Activity:
Starting with the first line below, extract each line through the one that contains "Load image into", inclusive, excluding pictures.

::: Extracted information

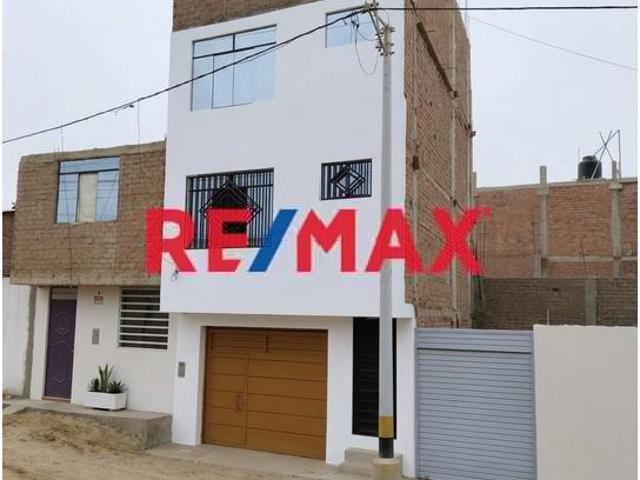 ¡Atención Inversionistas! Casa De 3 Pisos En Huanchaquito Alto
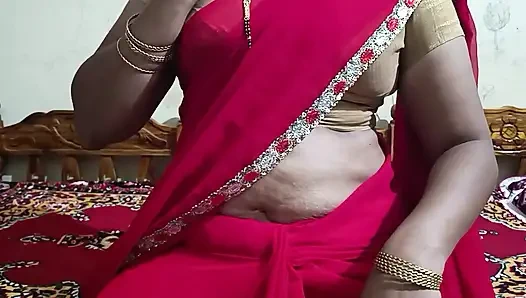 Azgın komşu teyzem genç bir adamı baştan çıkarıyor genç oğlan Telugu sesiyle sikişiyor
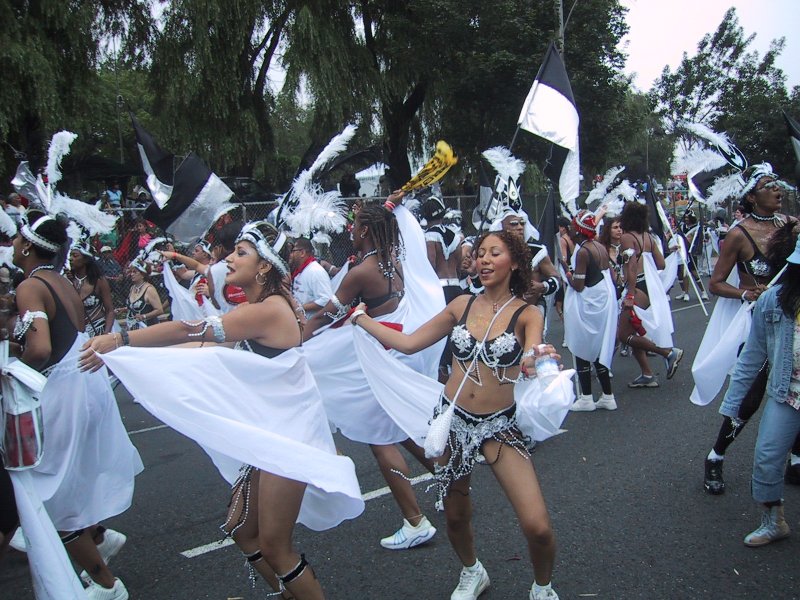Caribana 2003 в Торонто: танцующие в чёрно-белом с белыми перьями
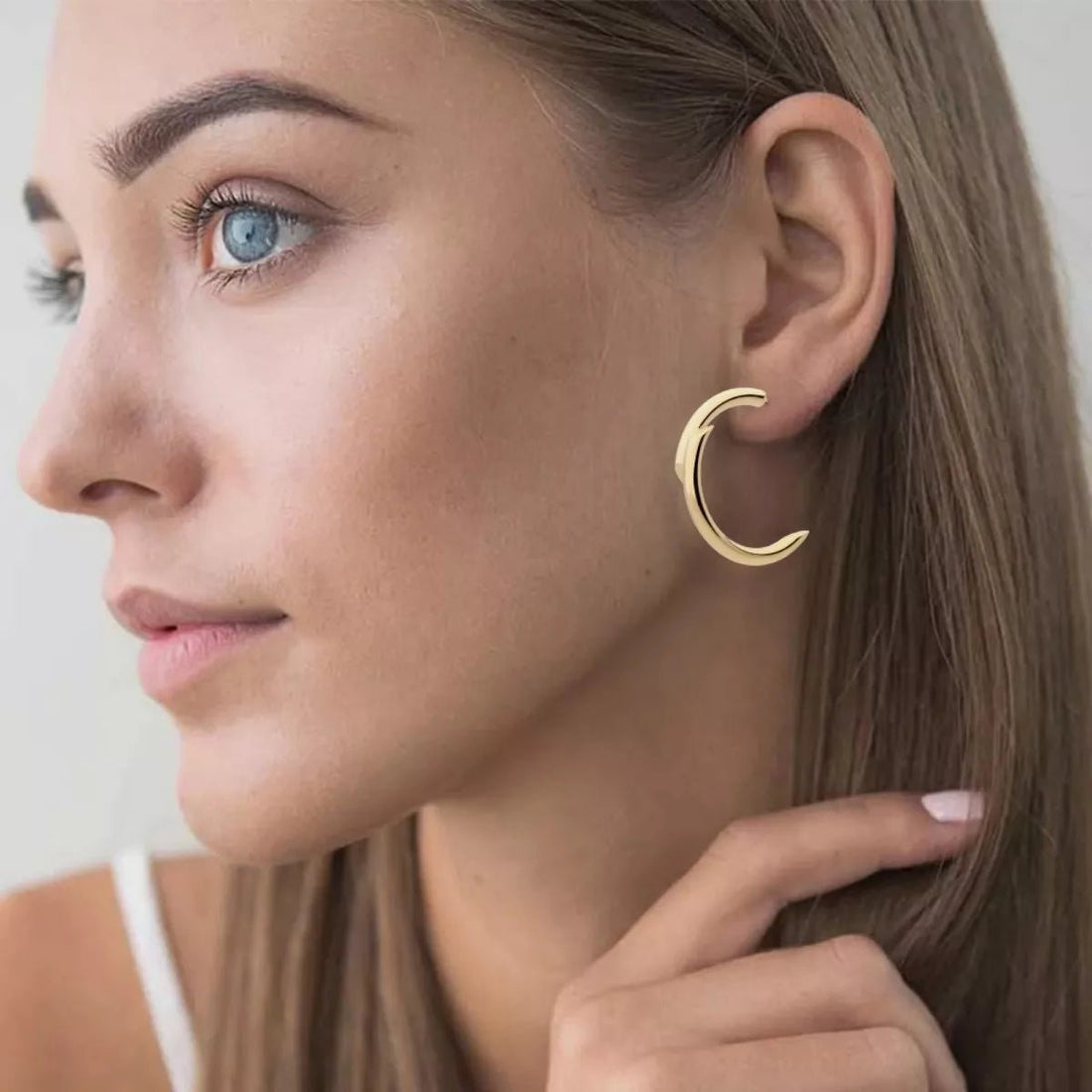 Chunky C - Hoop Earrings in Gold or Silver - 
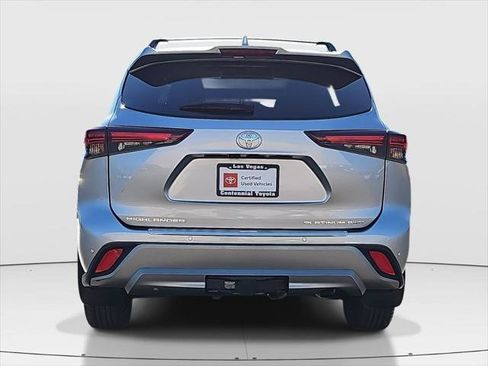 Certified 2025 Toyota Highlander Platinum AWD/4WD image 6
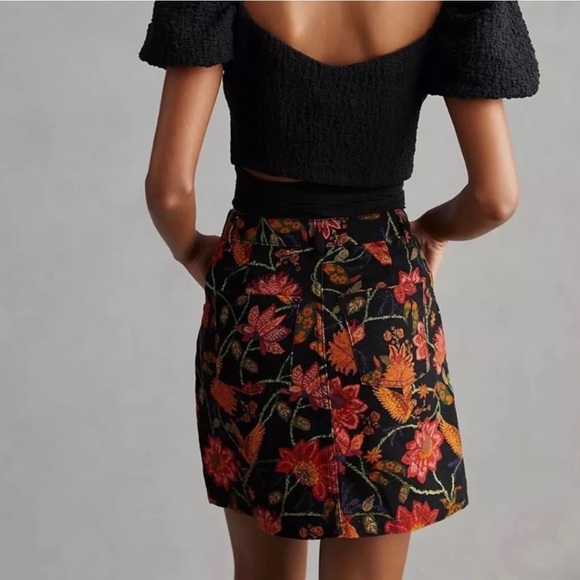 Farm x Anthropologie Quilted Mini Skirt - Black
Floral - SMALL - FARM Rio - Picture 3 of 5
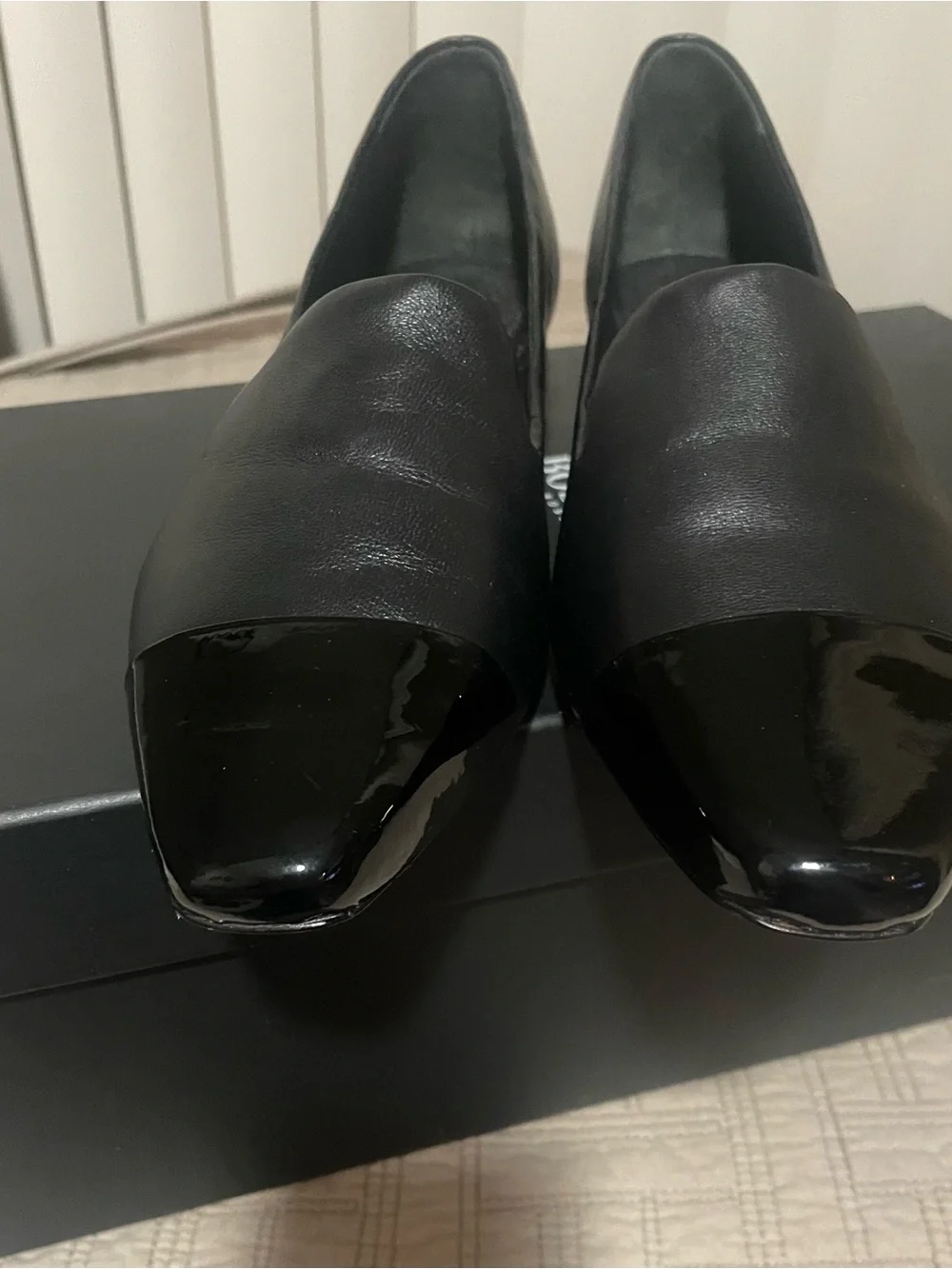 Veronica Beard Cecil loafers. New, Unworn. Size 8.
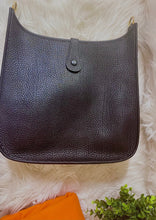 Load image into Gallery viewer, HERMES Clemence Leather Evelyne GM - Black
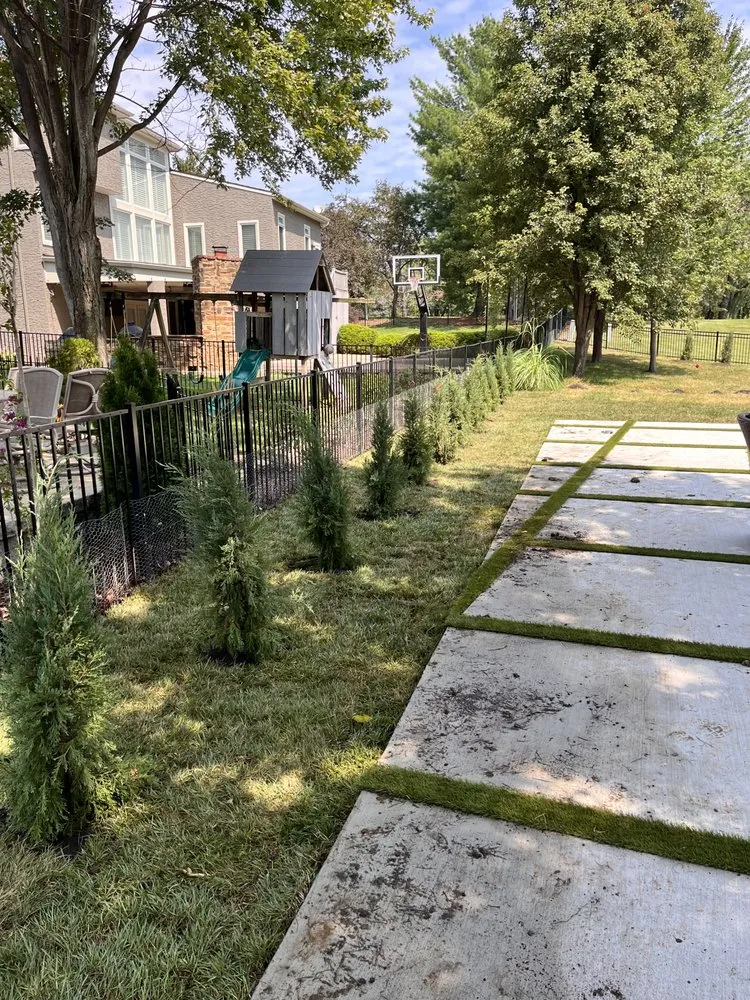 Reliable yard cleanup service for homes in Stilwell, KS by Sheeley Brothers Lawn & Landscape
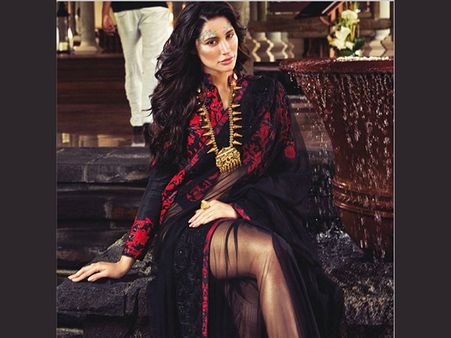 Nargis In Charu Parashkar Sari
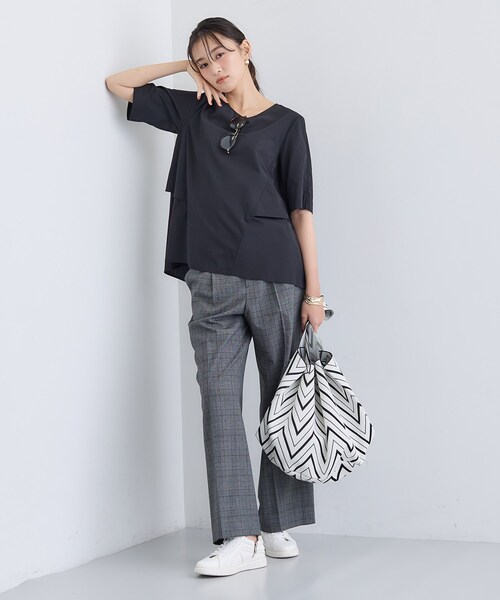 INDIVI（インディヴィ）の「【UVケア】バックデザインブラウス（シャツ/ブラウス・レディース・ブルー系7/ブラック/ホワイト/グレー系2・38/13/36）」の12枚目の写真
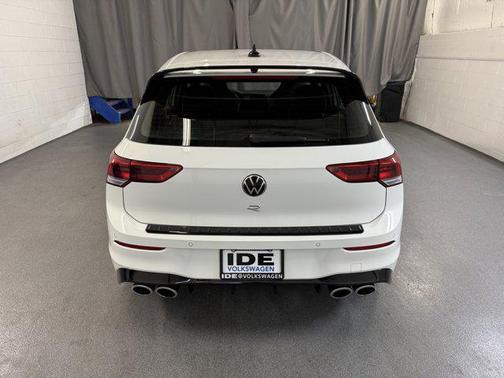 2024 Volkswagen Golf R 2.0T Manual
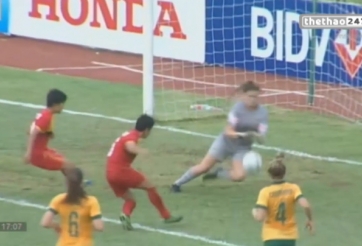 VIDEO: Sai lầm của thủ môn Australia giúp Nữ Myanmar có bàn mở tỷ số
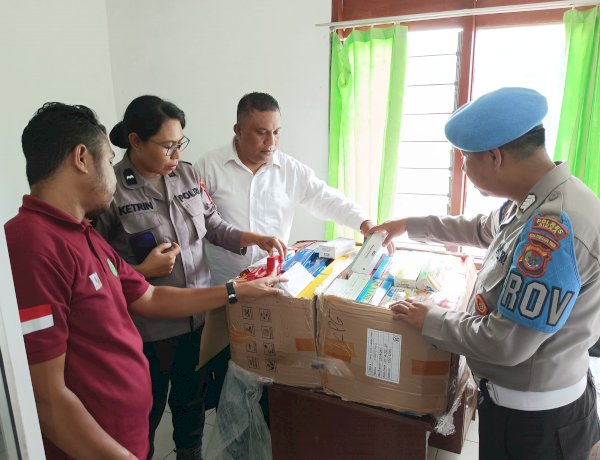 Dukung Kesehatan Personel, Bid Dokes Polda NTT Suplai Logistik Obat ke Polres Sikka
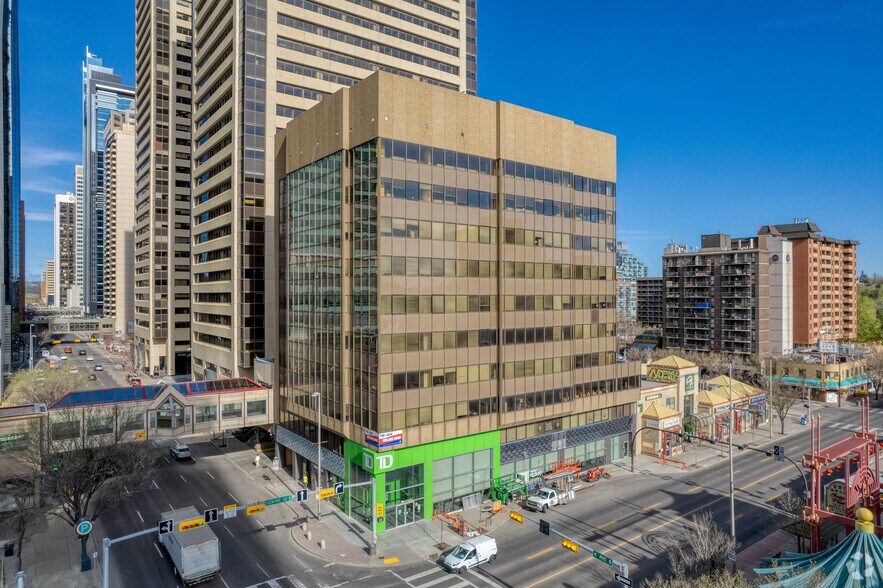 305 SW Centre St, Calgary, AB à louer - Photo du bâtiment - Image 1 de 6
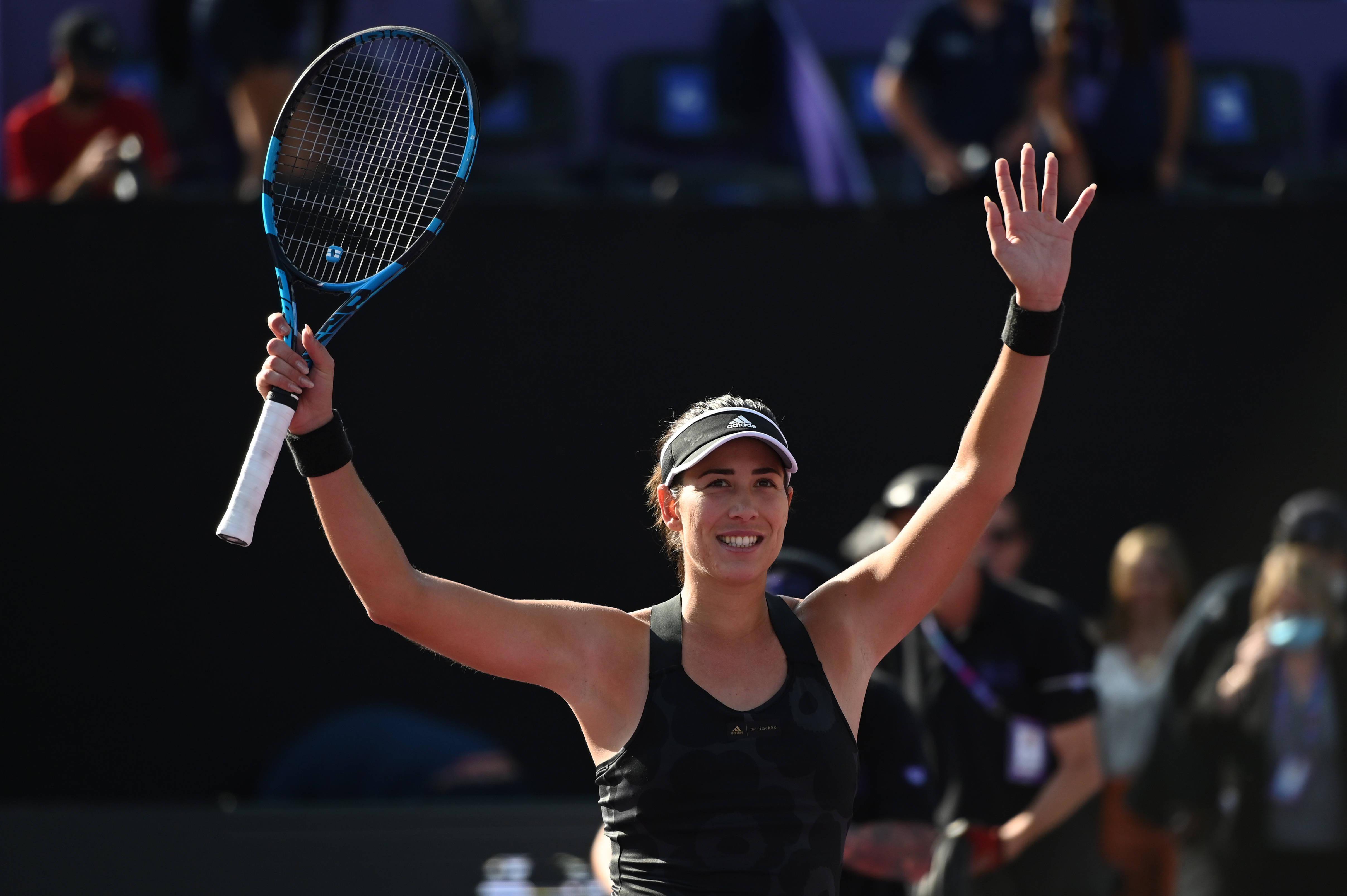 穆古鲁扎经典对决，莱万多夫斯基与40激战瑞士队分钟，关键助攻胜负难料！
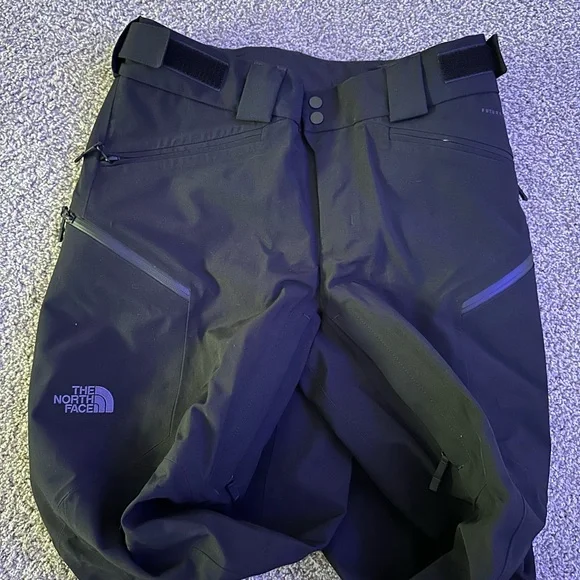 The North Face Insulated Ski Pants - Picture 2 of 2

::::::

Output of the task:
 ¡Atención Inversionistas! Casa De 3 Pisos En Huanchaquito Alto
 Azgın komşu teyzem genç bir adamı baştan çıkarıyor genç oğlan Telugu sesiyle sikişiyor
Caribana 2003 в Торонто: танцующие в чёрно-белом с белыми перьями
 Chunky C - Hoop Earrings in Gold or Silver - 
 Certified 2025 Toyota Highlander Platinum AWD/4WD image 6
 Farm x Anthropologie Quilted Mini Skirt - Black
Floral - SMALL - FARM Rio - Picture 3 of 5
 Veronica Beard Cecil loafers. New, Unworn. Size 8.
 Load image into Gallery viewer, HERMES Clemence Leather Evelyne GM - Black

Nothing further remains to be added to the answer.